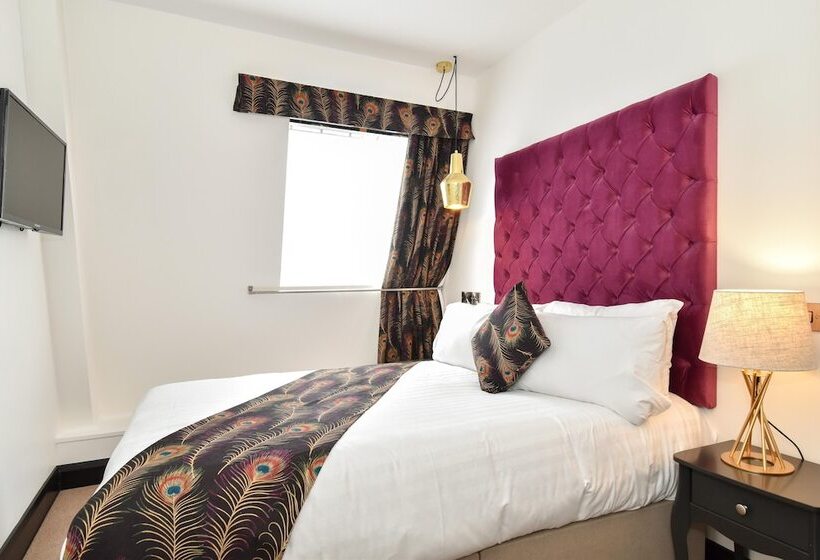 豪华房间, The Lane Boutique Residence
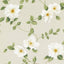 Sanderson Poet`s Rose Linen Fabric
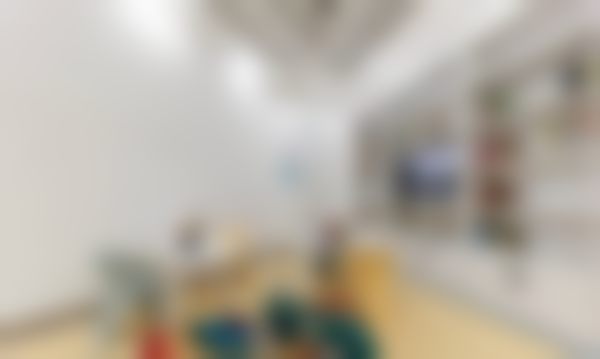 南昌北斗口腔门诊部南昌北斗口腔医院前台候诊区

What is required
Reproduce the listing exactly, minus its pictures.

Reply to the exercise
 豪华房间, The Lane Boutique Residence
 Sanderson Poet`s Rose Linen Fabric
 南昌北斗口腔门诊部南昌北斗口腔医院前台候诊区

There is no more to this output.